In the near future, Hamilton will be blessed with a light rail transit system, spanning the breadth of the city and allowing individuals to travel from McMaster University to Eastgate Square in just over half an hour. While that’s a great move for the city, it’s still lacking something.

Part of the LRT plan is to build an operations maintenance and storage facility at the McMaster Innovation Park. The OMSF would allow for nightly storage and any necessary servicing to the LRT trains, with tracks built along Longwood Road South for the trains to access Main Street West. If you’ve never heard of MIP, it is a large research facility on Longwood Road South beside the Ontario Highway 403.

MIP was proposed by the university in 2005 with the goal of fostering industry collaboration while progressing research and development. Following McMaster’s purchase of an old Westinghouse factory and warehouse on the site, the province announced a $10 million investment to advance development. As well, the federal government moved the CANMET Materials Technology Laboratory to the site.

The park finally opened in 2009, and currently hosts programs, startups and incubators including The Forge and a United Nations University program.

Many of the researchers at MIP are engaged in engineering research, particularly in the materials and automotive fields, but that is quickly changing. Just this year, a $33 million research facility in collaboration with the Fraunhofer Institute for Cell Therapy and Immunology opened, and the university has plans for more expansions including an 80,000 square foot Emerging Technology Center. There is even a hotel in the works!

New buildings lead to more opportunities for people to obtain work. At the MIP, the individuals employed there are often associated with McMaster. The number of people traveling between McMaster’s campus and the MIP for meetings, conferences and classes is already listed as a concern in the park’s master plan, and this number is expected to increase with time.

There are currently only three options to make the trip by public transit: walking across a bridge that is completely exposed to the elements; transfer at King Street West and Longwood Road South to the infrequent Hamilton Street Railway 6-Aberdeen; or taking the route-15 Go Bus from the McMaster Go Terminal, which is also infrequent and expensive.

 It is evident that a more convenient transit system is needed to help facilitate the journey between campus and MIP. The city of Hamilton and McMaster have to plan with foresight to ensure that there is capacity in services to meet the demand.

In this particular case, there’s actually an inexpensive and easy answer: use the proposed LRT line on Longwood Road South.
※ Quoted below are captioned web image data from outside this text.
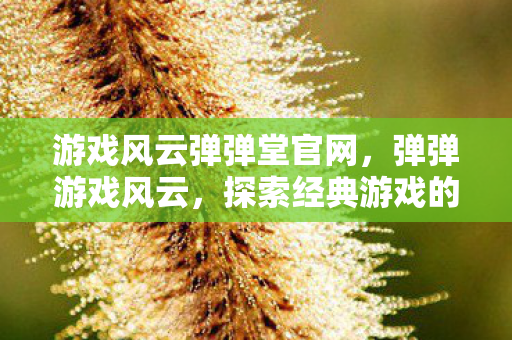 游戏风云弹弹堂官网,弹弹游戏风云,探索经典游戏的魅力与变迁 游戏风云弹弹堂官网,弹弹游戏风云,探索经典游戏的魅力与变迁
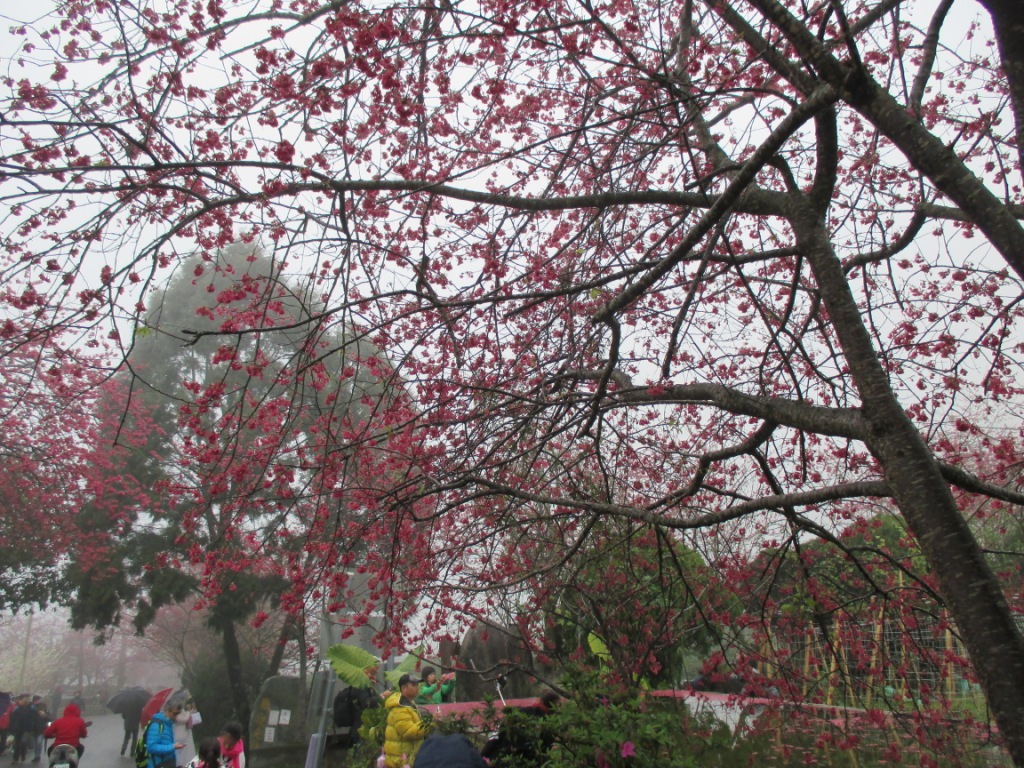 IMG_0992.JPG IMG_0992.JPG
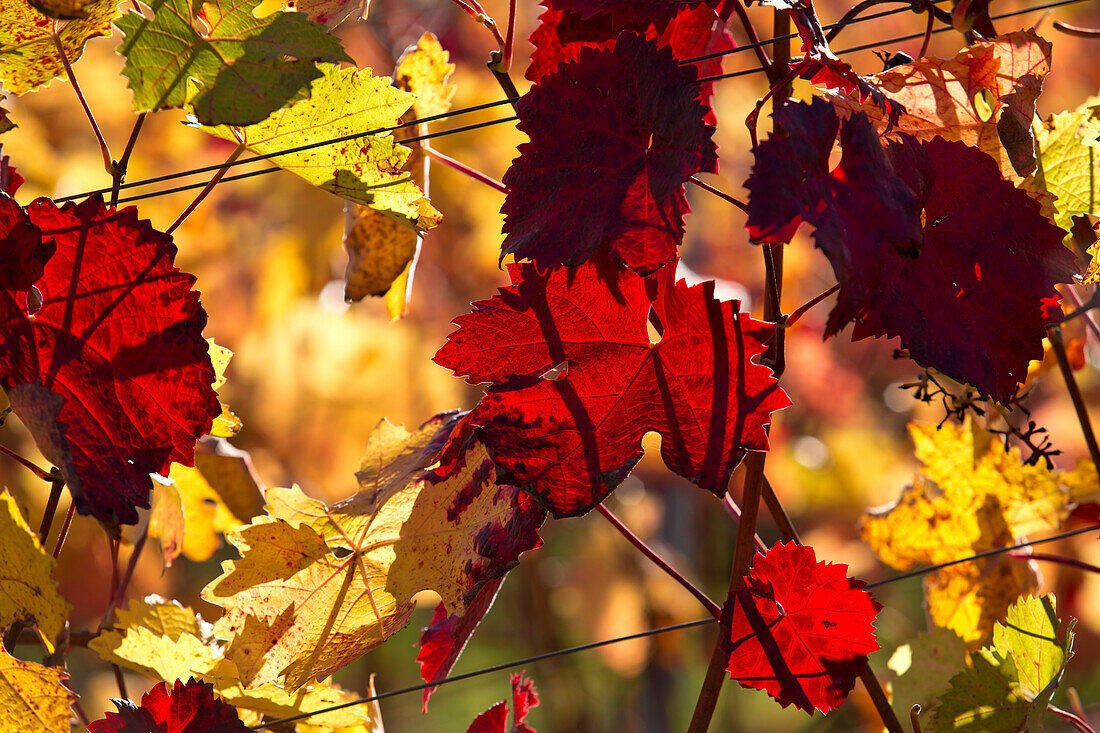 Rot gefärbte Blätter einer Weinrebe am Weinberg Maustal im Herbst, nahe Sulzfeld am Main, nahe Kitzingen, Franken, Bayern, Deutschland, Europa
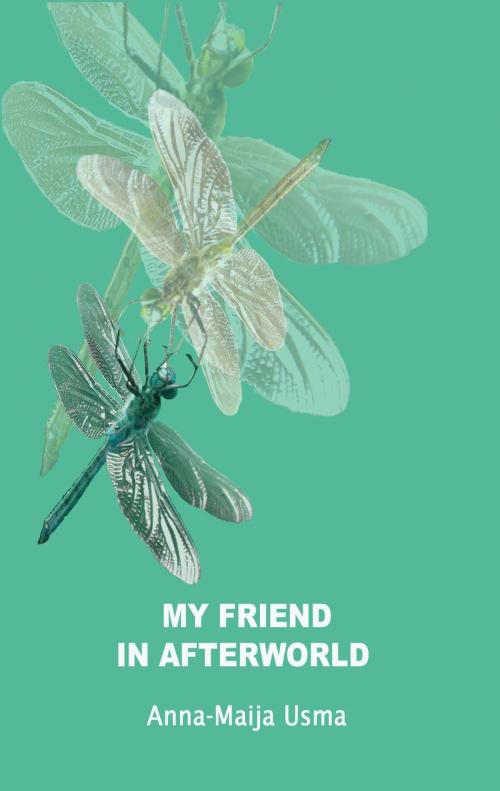 Cover of the book My friend in Afterworld by Anna-Maija Usma, Books on Demand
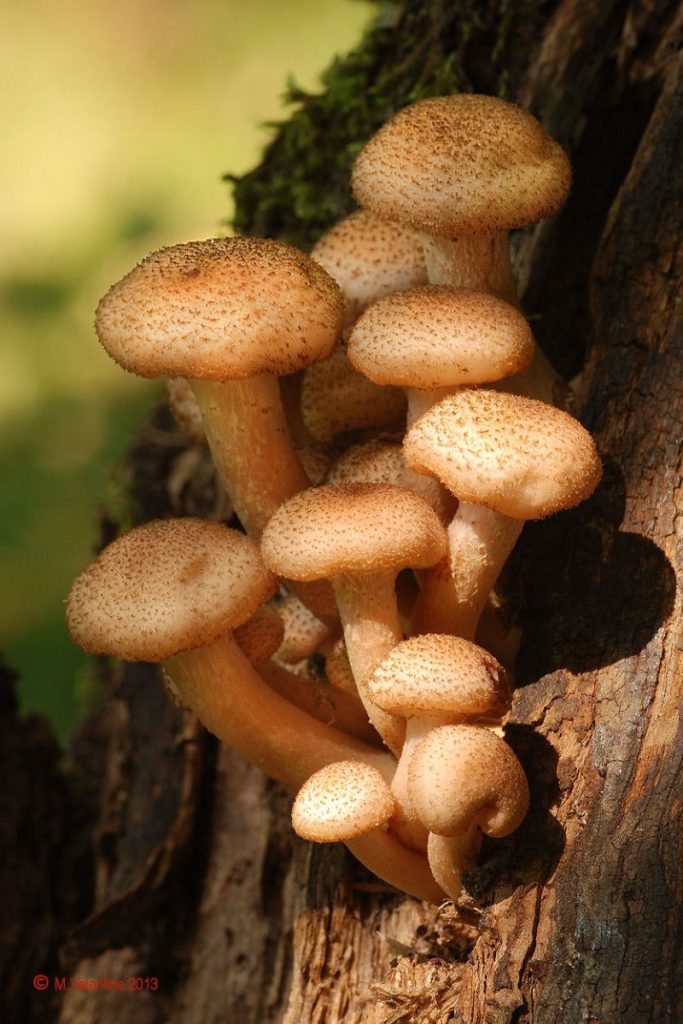 Honey Fungus - Armillaria mellea.jpg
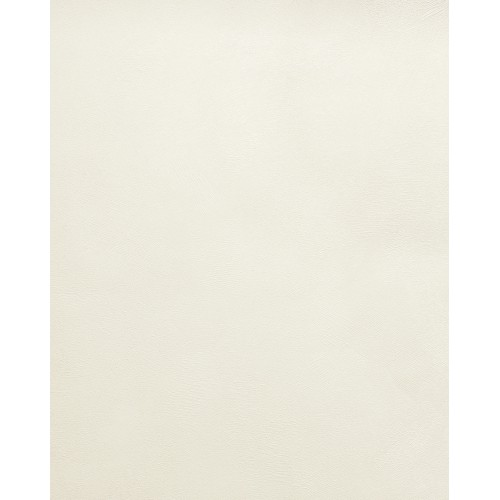 Обои флизелиновые Accento Fancy 287766 1.06x10м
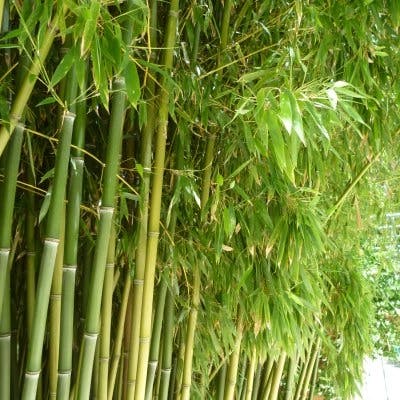 Un Bambou Phyllostachys humilis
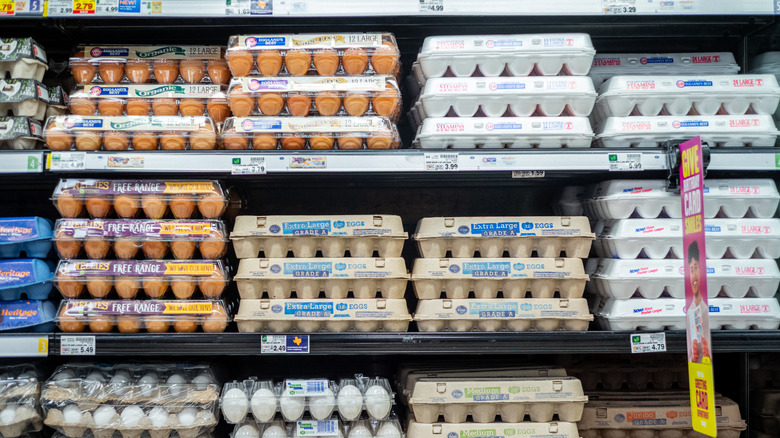 eggs in cartons at grocery store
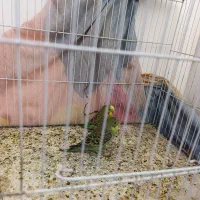 مرغ عشق دستی فروشی و معاوضه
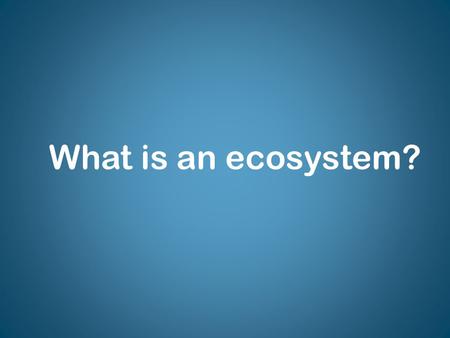 What is an ecosystem?. Stable Ecosystem What do you think it means to have a stable ecosystem?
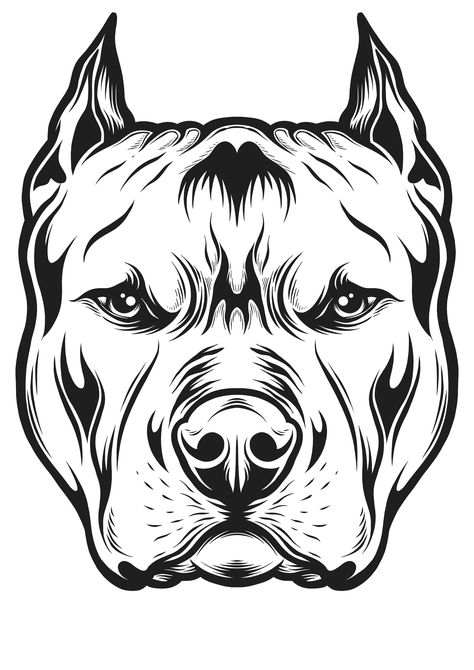 Pitbull Head Tattoo, Pitbull Tattoo Stencil, Pitbull Face Drawing, Pitbull Dog Drawing, Pitbull Tattoo Design, Pit Bull Drawing, Pitbull Drawing, Dog Caricature, Tupac Art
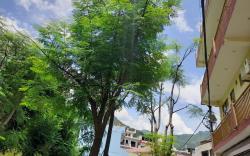 Hotel Krishna Rishikesh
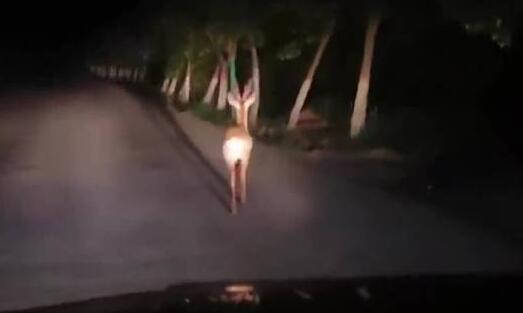 白鹿原上发现小鹿是怎么回事?什么情况?终于真相了原来是这样!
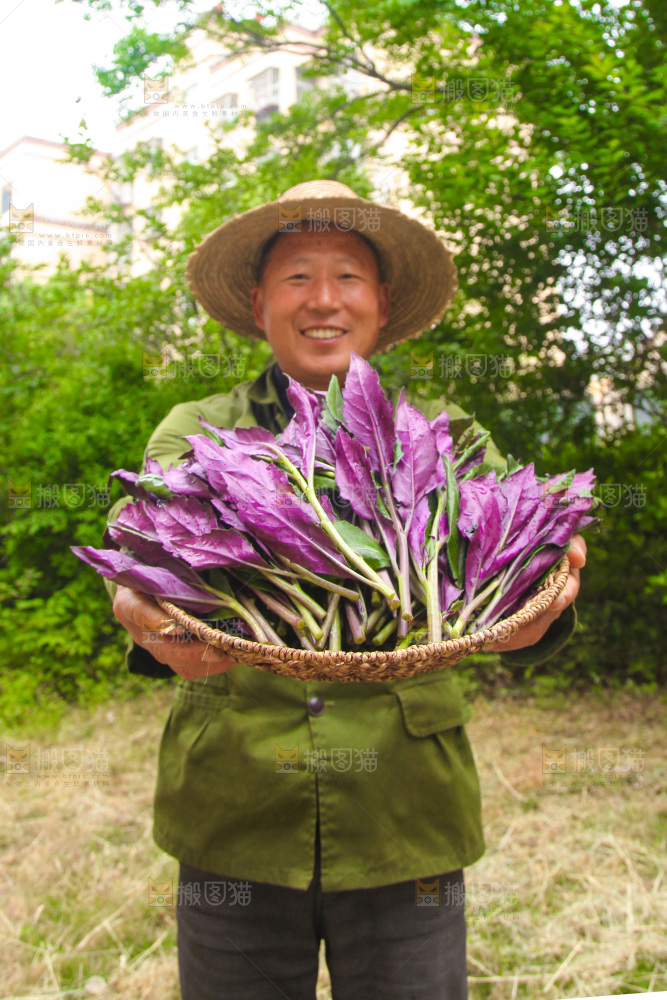 手里端着一篮紫背天葵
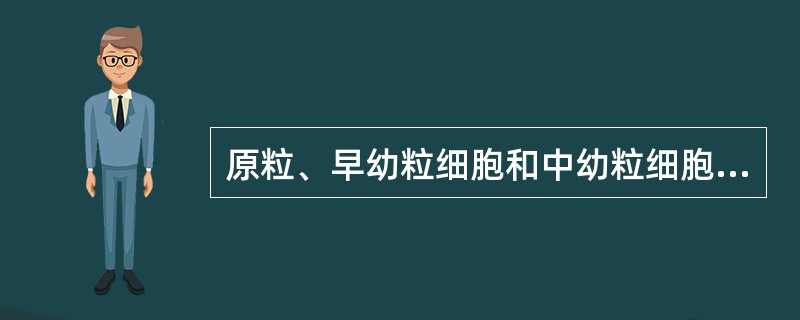 原粒、早幼粒细胞和中幼粒细胞存在于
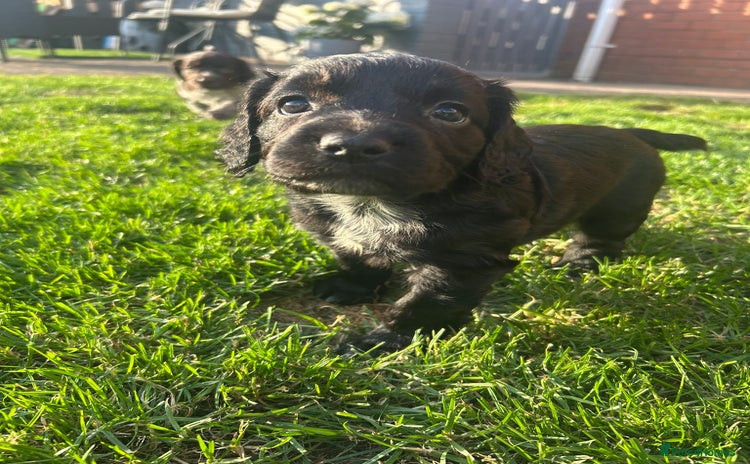 Cocker Spaniel dogs for sale in Saint Helens - Advert 14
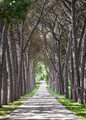 Stone pine wal&hellip;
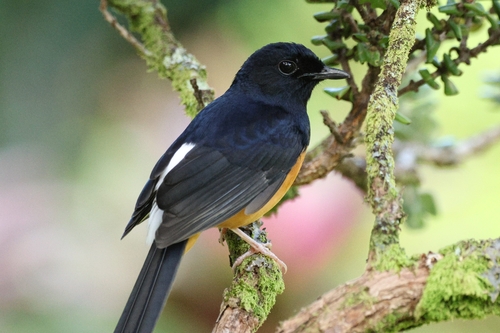 Copsychus malabaricus observed 2026-10-24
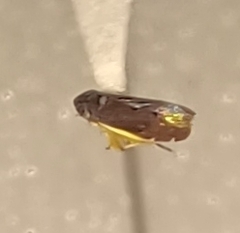 Planicephalus flavocostatus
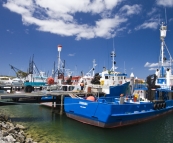 Fishing boats in Port Lincoln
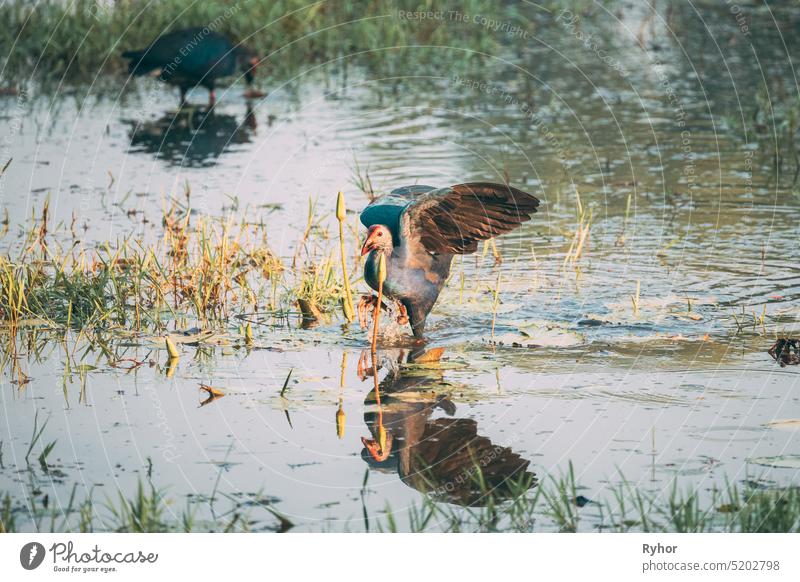 Goa, India. Two Grey-headed Swamphen Birds In Morning Looking For Food In Swamp. Porphyrio Poliocephalus animal asia beautiful bird bog east fauna feeding food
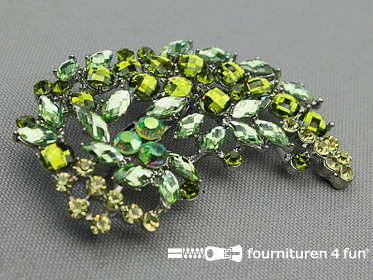 Broches / Corsage met speld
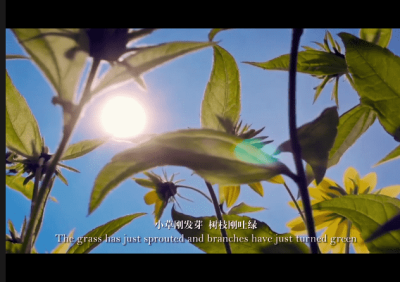 天津天源文化傳媒有限公司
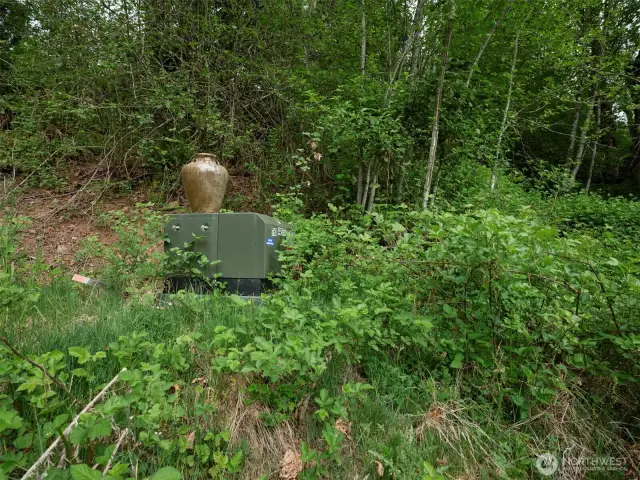 Power pedestal at homesite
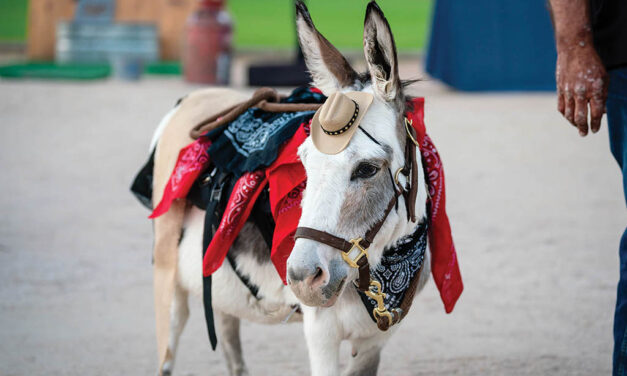 Fall event benefits local animal shelter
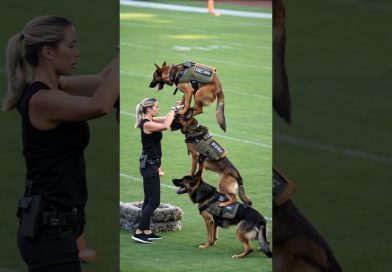 Skilled German Shepherd K9 Dogs in Action – Elite Training Like You’ve Never Seen!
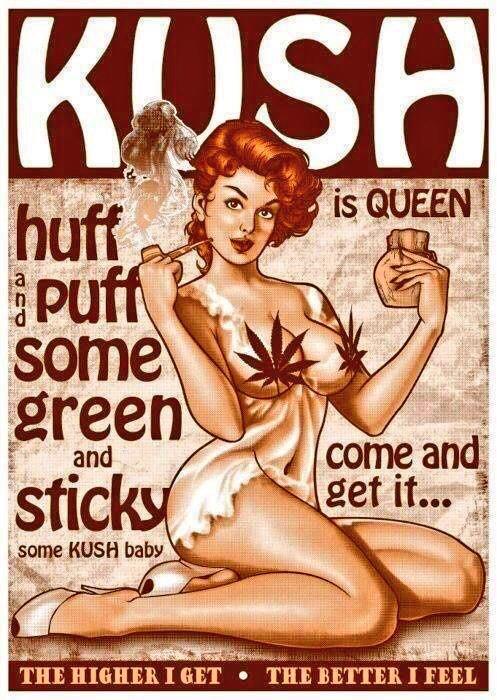 NorCalStoner420's tweet photo. Have A Nice Evening Everyone✨
~ #keepitkush #peaceout ~ http://t.co/tblX7inxXK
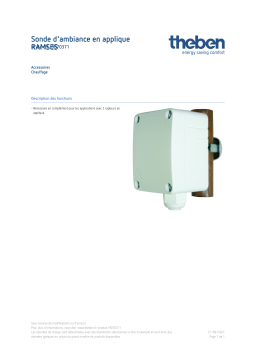 THEBEN Flow temperature sensor RAMSES Fiche technique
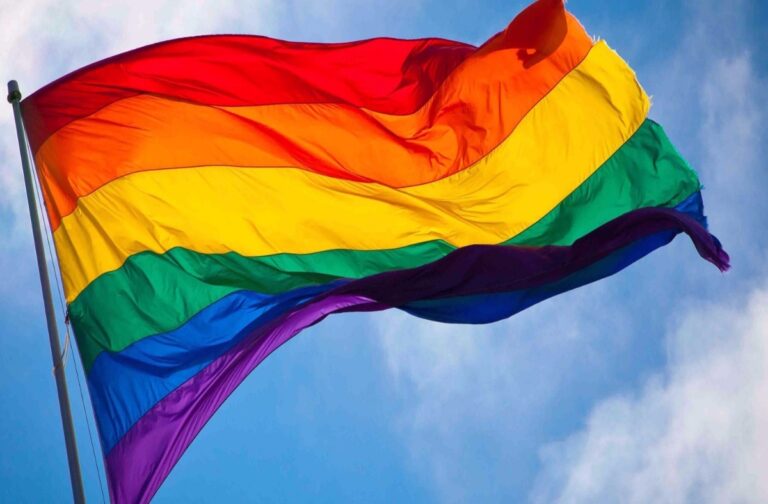 Capa do artigo: A proteção da orientação sexual na LGPD.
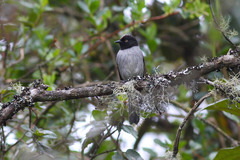 Pseudospingus verticalis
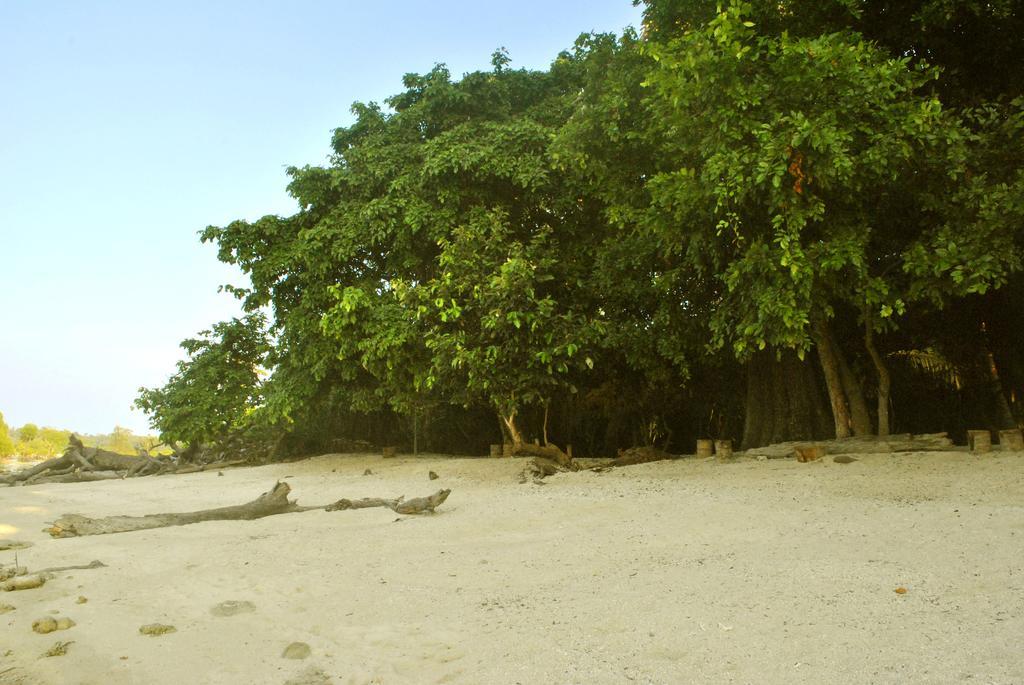 Sea Shell Neil Hotel Lakshmanpur Ngoại thất bức ảnh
Adding occasional service between the MIP on Longwood and the McMaster stop would allow residents of the Greater Toronto and Hamilton Area to commute easily on public transit and would vastly ease the trip for those students, faculty and researchers who need to get between Mac and the MIP, some of whom currently need to do so several times a day.

This would also open up the city to out-of-town guests at the future hotel. It wouldn’t even be an expensive plan to implement since the track will already be installed for OMSF access.

A solution like this, however, would require extensive planning, and that's something that hasn’t happened as of yet. McMaster University and the city of Hamilton need to think towards the future when designing and building, and need to work together to make things happen.